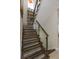 Modern staircase with wood steps, glass railing, and natural light from a window at 528 Lobelia Dr, Lake Mary, FL 32746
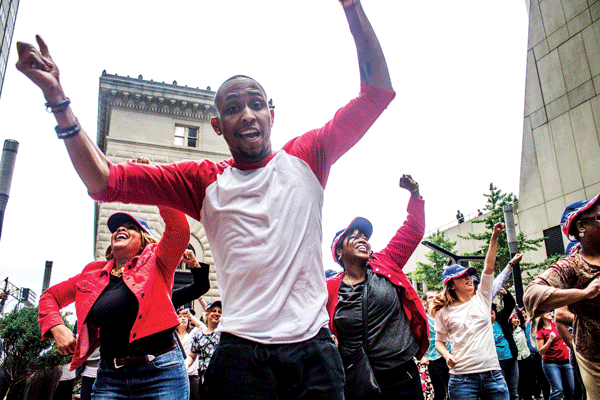 Guardian Life employees dancing June 11 at a “Flash Event” to bring attention to the Police Museum.  Downtown Express photo by Zach Williams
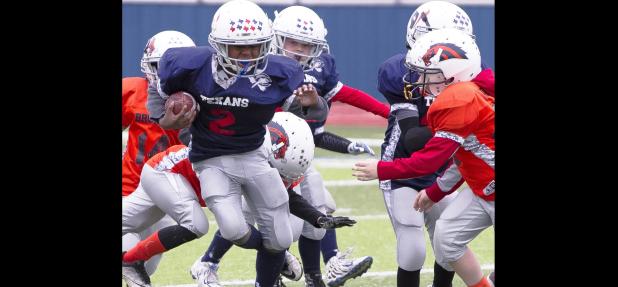 CCLP/TJ MAXWELL - Texans running back Josiah Wilson splits some Broncos defenders in the fourth quater of their 22-12 win in the Copperas Cove Youth Football League Division I championship held Saturday at Bulldawg Stadium. Wilson scored on touchdown runs of 68, two and six yards.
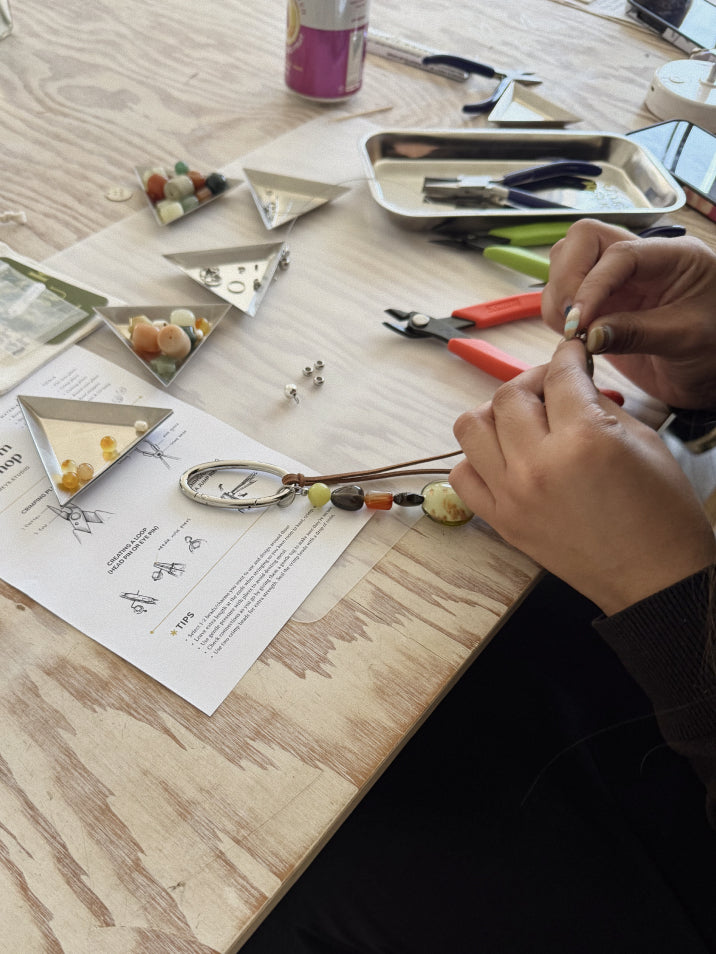 Person crafting a keychain with beads on a wooden table.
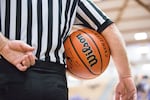 A referee holds the ball in the quarterfinals of the OSAA 6A Boys Basketball Championships between Grant High School and West Salem High School at the Chiles Center in Portland, Oregon, Thursday, March 8, 2018.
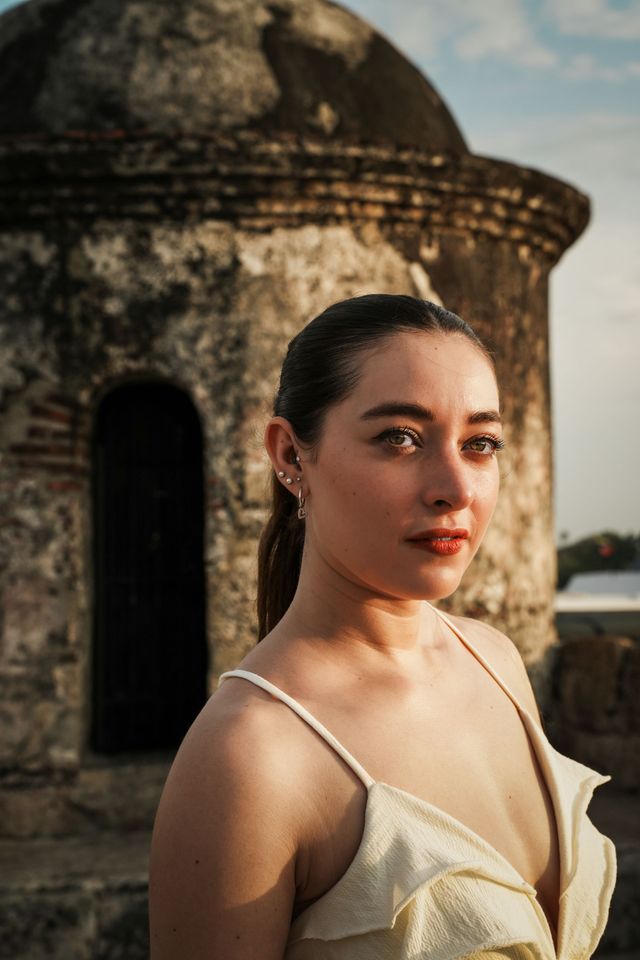 Mujer con vestido color crema de pie junto a una torre de piedra desgastada al atardecer.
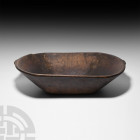 Prehispanic Inca Wooden Food Dish Early 16th century A.D. A large wooden food dish, roughly oval in shape with splayed walls. 2.3 kg, 55.2 cm length (...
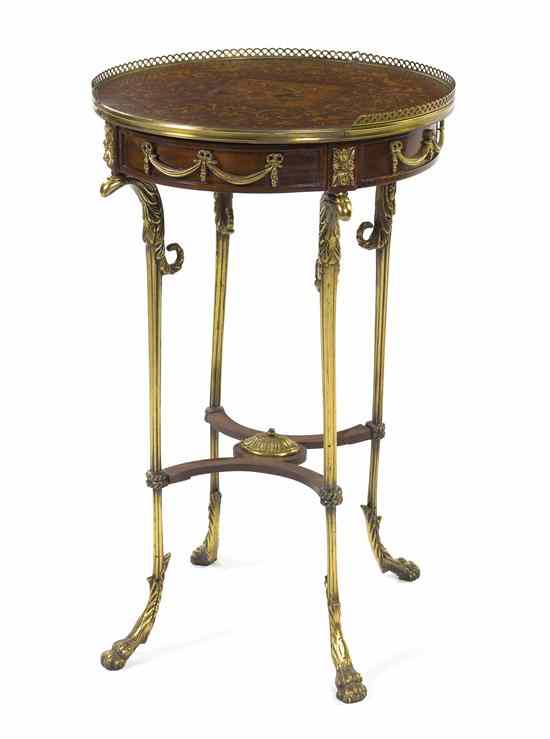 Appraisal: An Empire Style Marquetry and Gilt Metal Mounted Table having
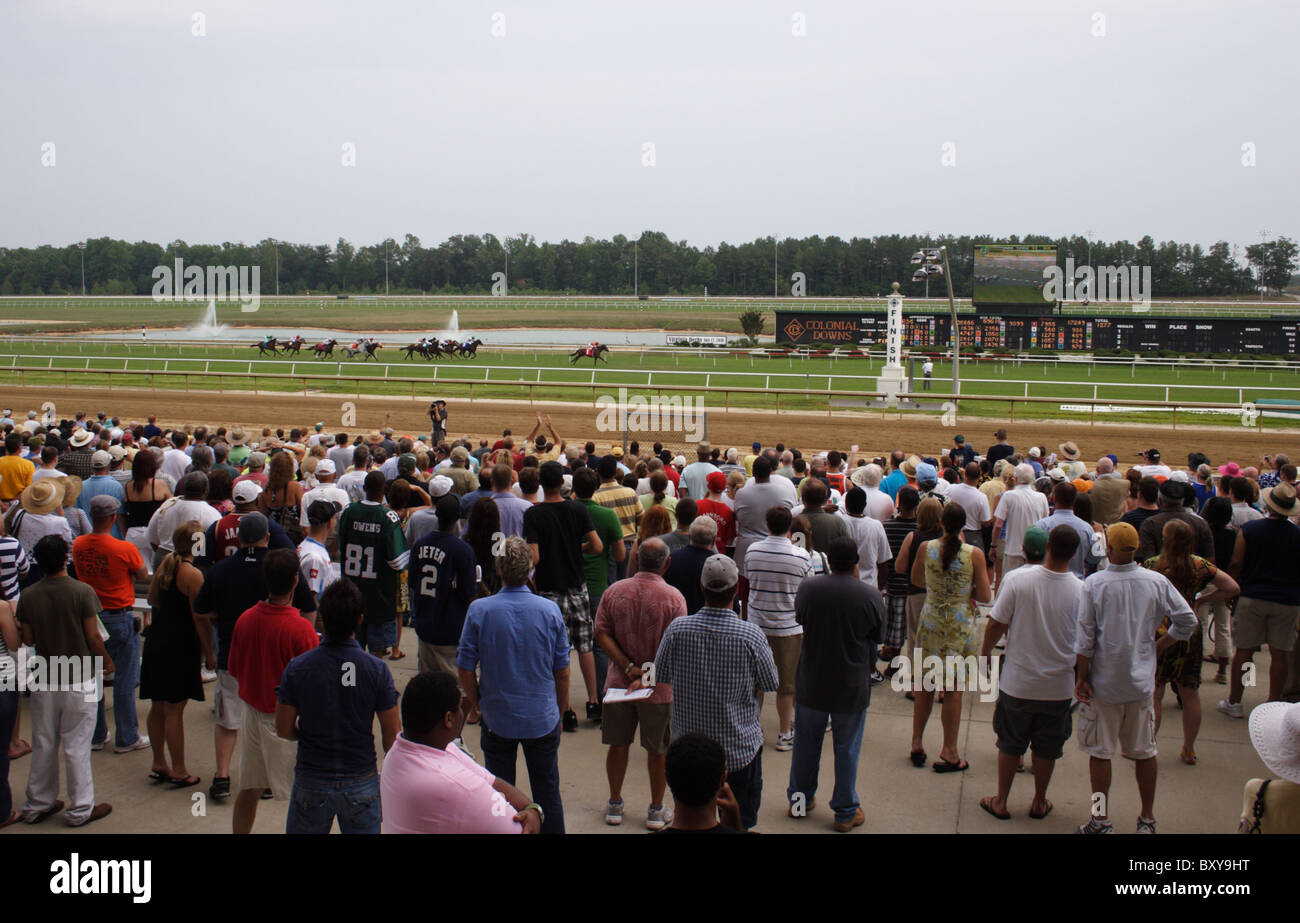 Crowd cheering as horses approach finish line at Colonial Downs racetrack. New Kent County, Virginia 2010 Stock Photo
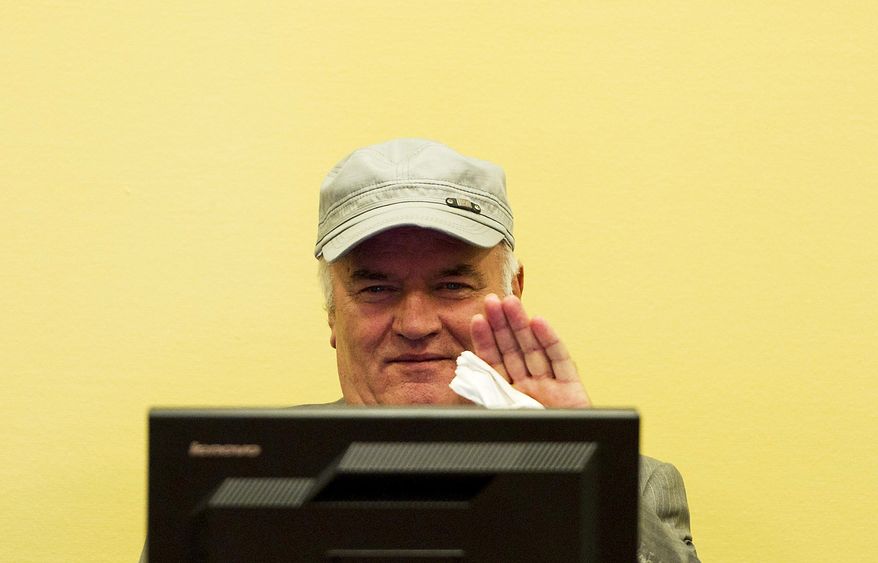 Former Bosnian Serb military chief Ratko Mladic waves in the courtroom during a hearing at the U.N.'s International Criminal Tribunal for the Former Yugoslavia in The Hague on Monday, July 4, 2011. (AP Photo/ Valerie Kuypers, Pool)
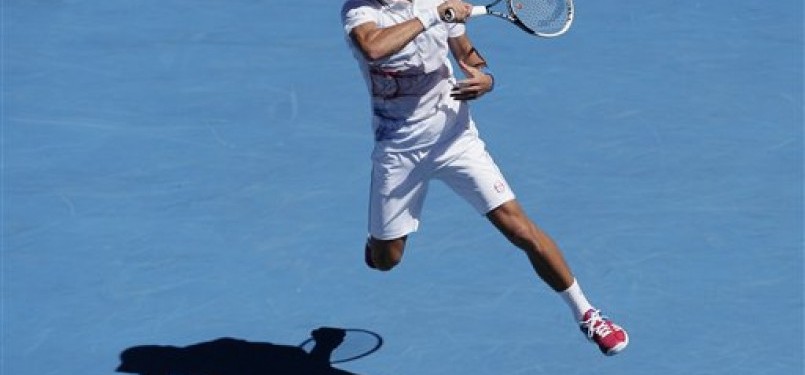 Petenis Serbia, Novak Djokovic, melepaskan pukulan forehand saat menghadapi petenis Kolombia, Santiago Giraldo, di putaran kedua turnamen Australia Terbuka di Melbourne, Australia, Kamis (19/1). 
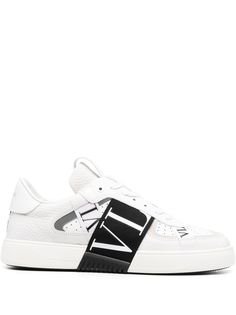 VL7N low-top sneakers from VALENTINO GARAVANI featuring white/black, calf leather, round toe, front lace-up fastening, perforated embellishment, logo-print strap, pull-tab at the tongue and flat sole. White Low-top Custom Sneakers With Embossed Logo, Custom Low-top Calf Leather Sneakers With Embossed Logo, Low-top Custom Sneakers With Embossed Logo In Calf Leather, White Calf Leather Sneakers With Embossed Logo, Designer White Calf Leather Sneakers, Designer White Sneakers With Embossed Logo, Designer Sneakers With Embossed Logo And White Sole, Designer Sneakers With White Sole And Embossed Logo, Designer Low-top Sneakers With Logo Detail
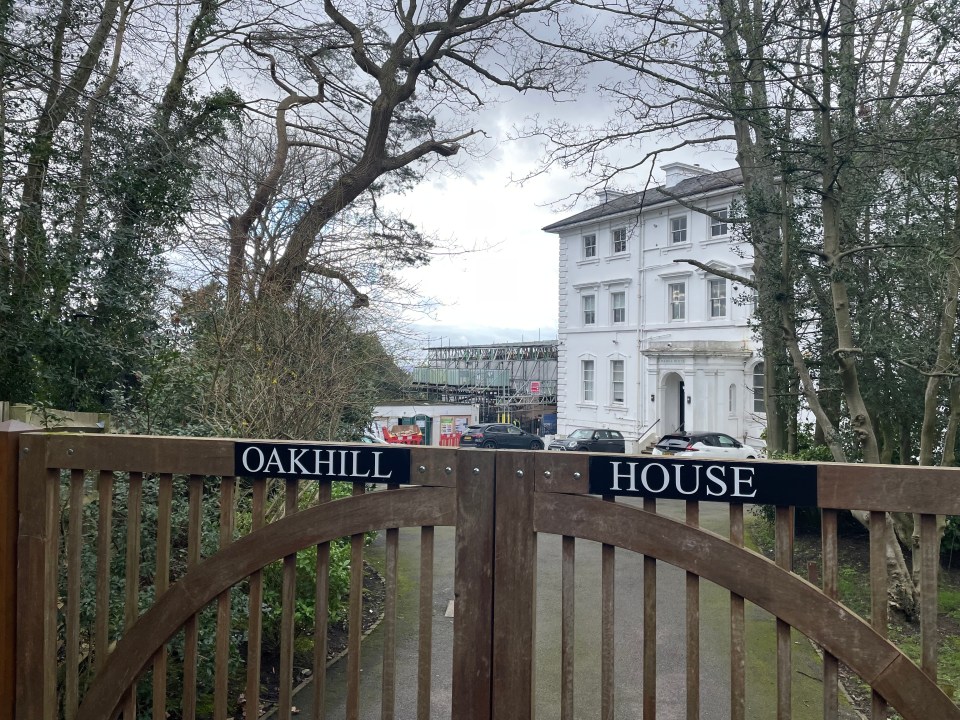 Oakhill House gate with a large white house undergoing renovations visible beyond.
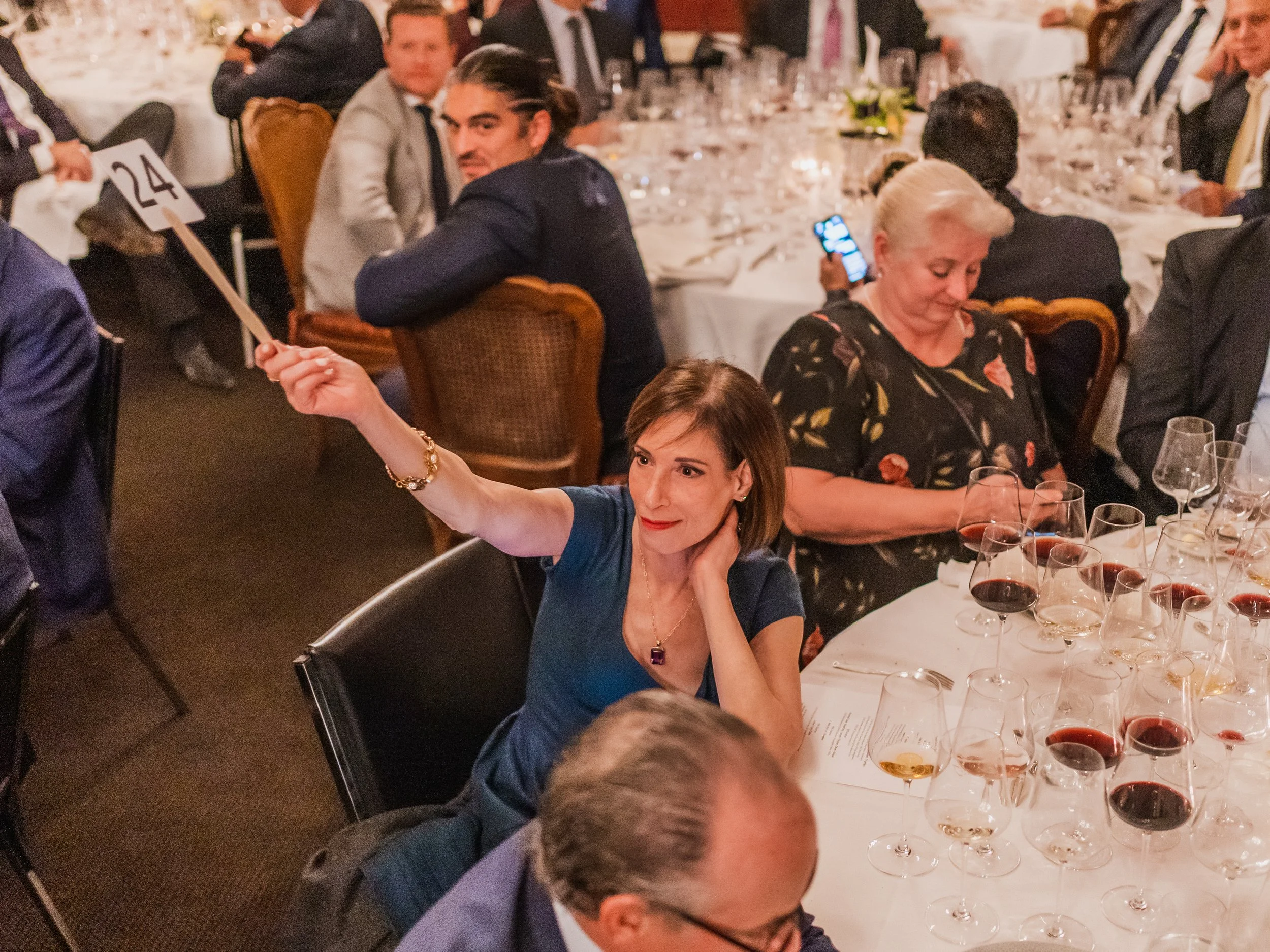 Woman in blue dress taking a selfie at a formal dinner event with multiple glasses of red and white wine on the table.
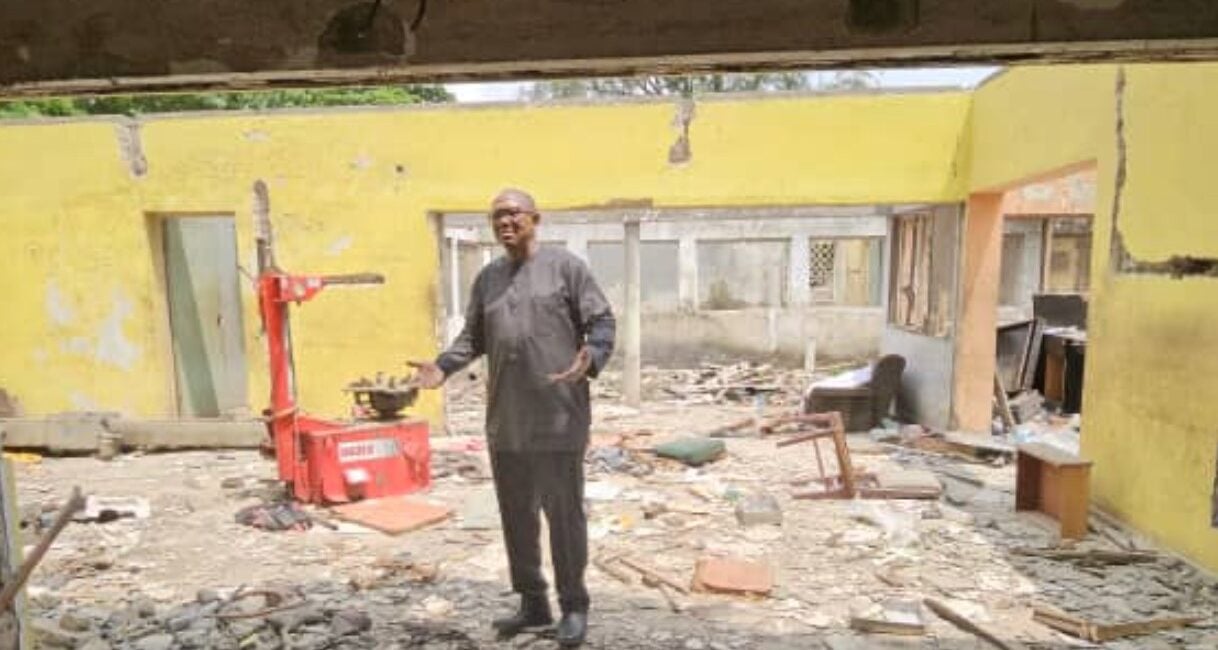 Peter Obi in the ruins of the demolished property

____________

_Task goal:_ Write out again exactly the lines from the start of the data above through the line containing "Former Bosnian Serb", inclusive, excluding any pictures.

_Task answer:_
 Modern staircase with wood steps, glass railing, and natural light from a window at 528 Lobelia Dr, Lake Mary, FL 32746
 Guardian Life employees dancing June 11 at a “Flash Event” to bring attention to the Police Museum.  Downtown Express photo by Zach Williams
 CCLP/TJ MAXWELL - Texans running back Josiah Wilson splits some Broncos defenders in the fourth quater of their 22-12 win in the Copperas Cove Youth Football League Division I championship held Saturday at Bulldawg Stadium. Wilson scored on touchdown runs of 68, two and six yards.
 Person crafting a keychain with beads on a wooden table.
 A referee holds the ball in the quarterfinals of the OSAA 6A Boys Basketball Championships between Grant High School and West Salem High School at the Chiles Center in Portland, Oregon, Thursday, March 8, 2018.
 Mujer con vestido color crema de pie junto a una torre de piedra desgastada al atardecer.
 Prehispanic Inca Wooden Food Dish Early 16th century A.D. A large wooden food dish, roughly oval in shape with splayed walls. 2.3 kg, 55.2 cm length (...
 Appraisal: An Empire Style Marquetry and Gilt Metal Mounted Table having
 Crowd cheering as horses approach finish line at Colonial Downs racetrack. New Kent County, Virginia 2010 Stock Photo
 Former Bosnian Serb military chief Ratko Mladic waves in the courtroom during a hearing at the U.N.'s International Criminal Tribunal for the Former Yugoslavia in The Hague on Monday, July 4, 2011. (AP Photo/ Valerie Kuypers, Pool)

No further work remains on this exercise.